Our sale to Coke expanded our reach from 15,000 to more than 80,000 stores. But more shelves didn’t automatically mean we sold more bottles. In fact, though our sales in existing stores continued to grow, we actually saw our average sales per outlet go down as we entered many stores where consumers had never seen our drinks. In a shaky economy, nervous consumers were cautious about trying out a $1.59 bottle of organic tea when they could pick up a 99-cent can of a tea-flavored drink.
So we had to find low-cost, high-impact ways to introduce the Honest brand to millions of new consumers. Our central effort was a social experiment called the Honest Cities campaign. We set up racks of bottles in downtowns everywhere from Alki Beach Park in Seattle, to Prudential Center in Boston, to Dupont Circle. For each display, we set up a Lucite box and asked consumers to pay a dollar per bottle — on the honor system. In addition to providing thousands of sampling opportunities, the experiment earned free media coverage and we doubled our Facebook friends to more than 70,000. The average honesty rate was 94 percent. (We donated the proceeds to City Year, Share our Strength and Rails to Trails.)
By the time our company was acquired in March, most of Coke’s sales planning for the year had already happened. For 2012, though, we’ve been included in the planning process and will have a better chance to benefit from the Coca-Cola system’s powerful marketing and grocery partnerships. We anticipate continued economic headwinds for premium brands in 2012 but I’m encouraged to see growing demand for organic and low-calorie options across all food and beverage categories.
Despite all the fears I have heard about President Obama’s health-care plan driving rates up, we were able to share some positive news with our employees about health-care premiums. After back-to-back years of 18 percent increases, we were able to announce that our 2012 premiums will actually be going down 6 percent. While our average employee age (36) is staying the same, our experience rate went down, meaning the claims of our employees and families were less than the average claims in the Washington-area community.
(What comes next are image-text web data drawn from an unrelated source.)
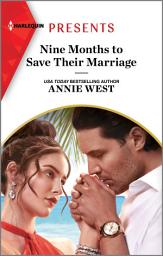 Icon image Nine Months to Save Their Marriage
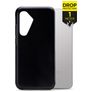 Mobilize Extreme Tough Samsung Galaxy S24 Hülle Hardcase Backcover Stoßfest - Schwarz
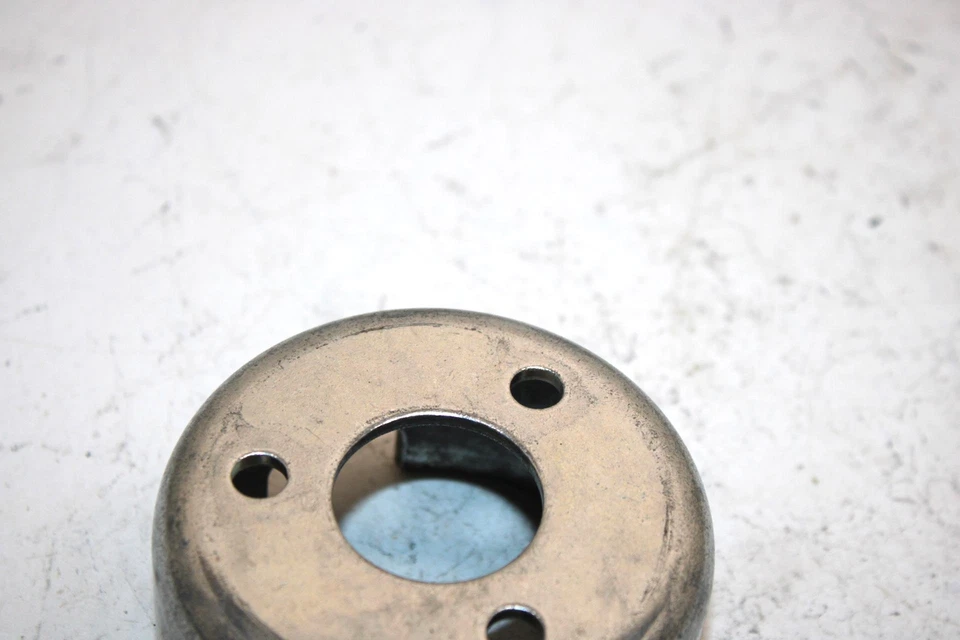 09 Arctic Cat F570 Oem Starter Pulley 3006-020 SA294 - Image 2 of 4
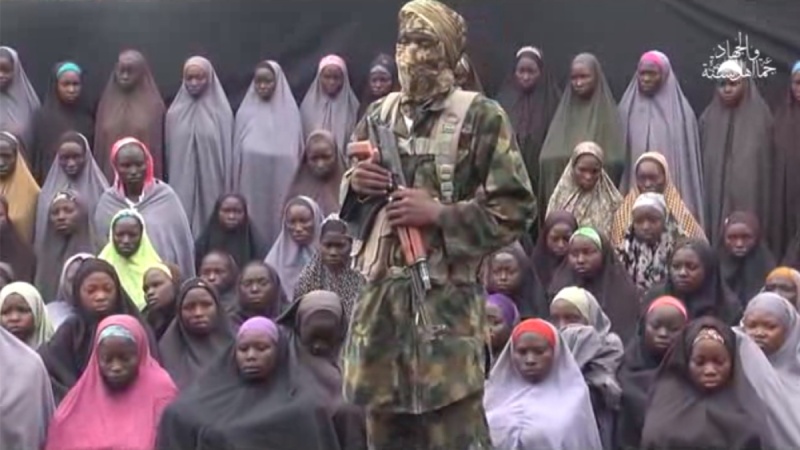 12 years after Chibok abduction, 83 girls still missing — BBOG demands accountability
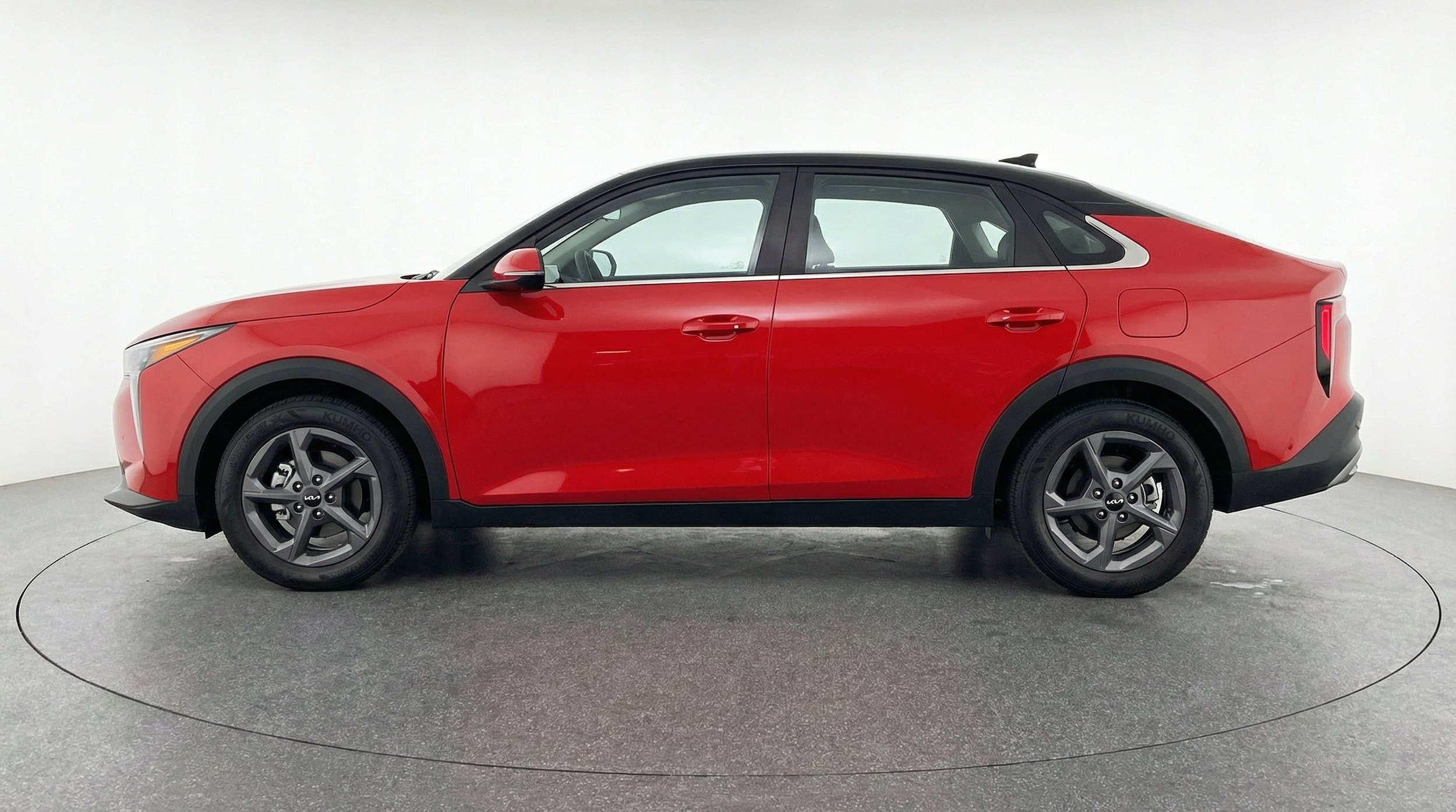Thumbnail: 2026 Kia K4 - 5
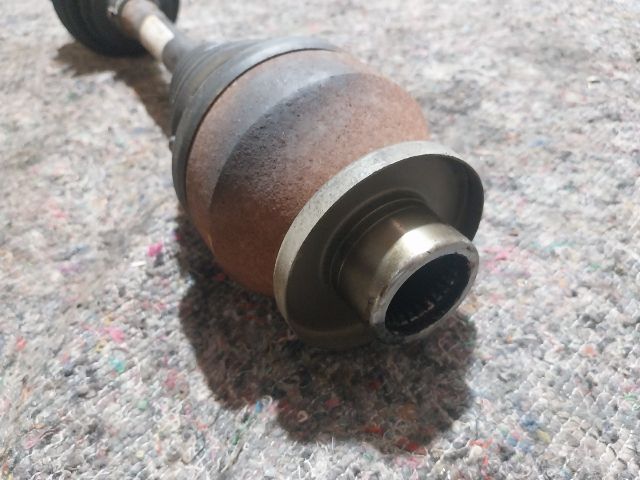 bontott VW TRANSPORTER Bal Féltengely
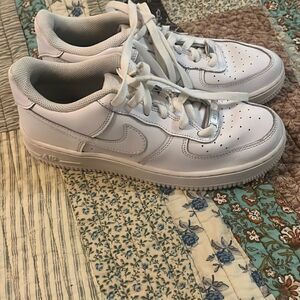 Nike Air Force One sneakers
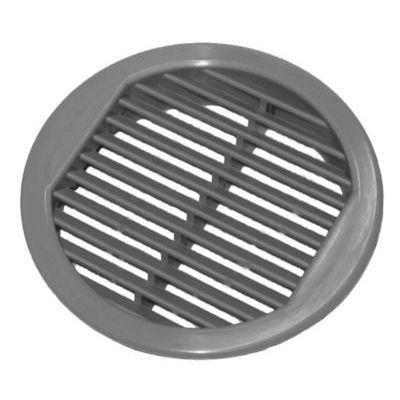  Fresh skabsrist ø30mm gr 6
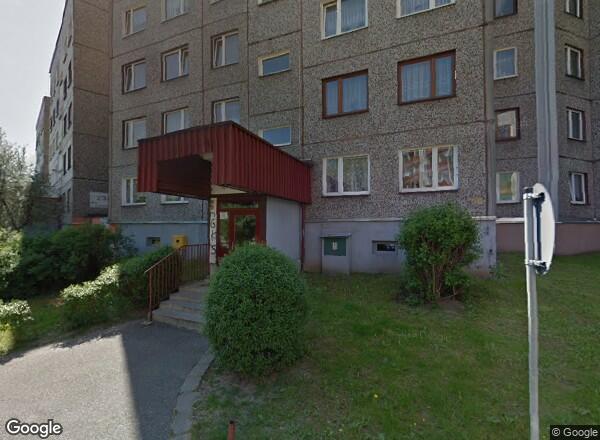 Ceny mieszkań Katowice Marcina Radockiego 236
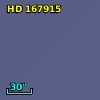 HD 167915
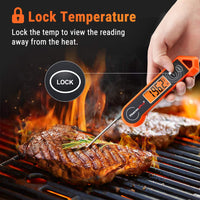 ThermoPro Digitale Vleesthermometer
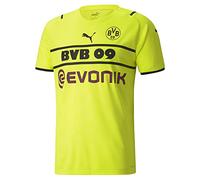 PUMA BVB Cup Shirt Replica W w/Sponsor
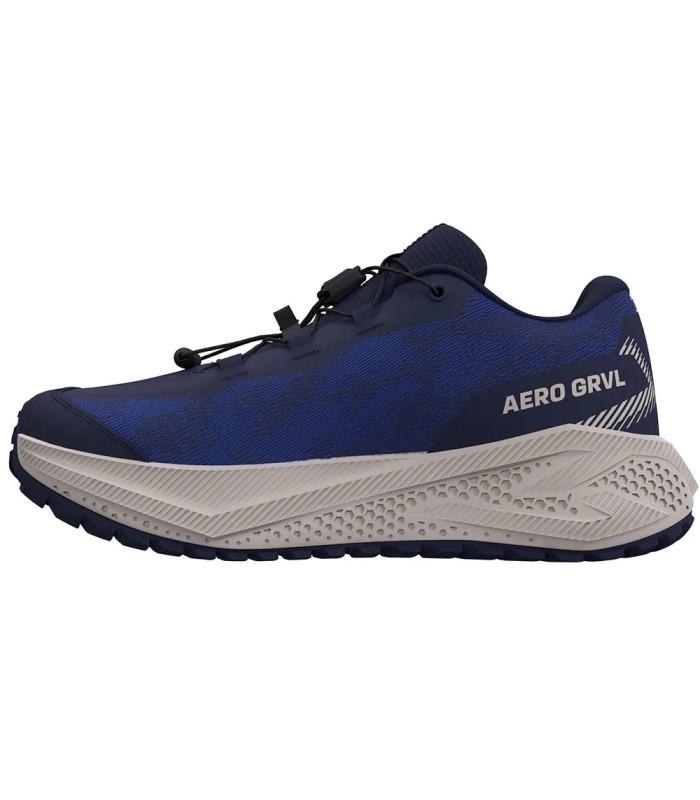 Zapatilla Salomon Aero GRVL WP Junior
The savings we’ll realize from this cost reduction will help offset the salary of at least one employee.
While lower health premiums were welcome news, they didn’t offset the impact of our decision to eliminate several field marketing positions, primarily in the central part of the U.S. Our marketing efforts there weren’t producing the kind of results they did on the coasts and we’d have to try something different. During the company meeting, we had difficult conversations about the people who were no longer on the team, as well as the imposing goals we’ve set for 2012.
But the focus of the meeting was on how to get it done, and the business plan and energy generated in Bethesda were as strong as ever. Though we miss the power of stock options as incentives, it’s clear that as Honest Tea matures, the rewards of being on a spirited team of entrepreneurs and idealists (who are able to earn bonuses) can be powerful.
Our employees may no longer own Honest Tea in an economic sense, but the spirit we shared on the courts and in the conference rooms confirmed we are still owners of the brand.
Seth Goldman is president and TeaEO of Bethesda-based Honest Tea.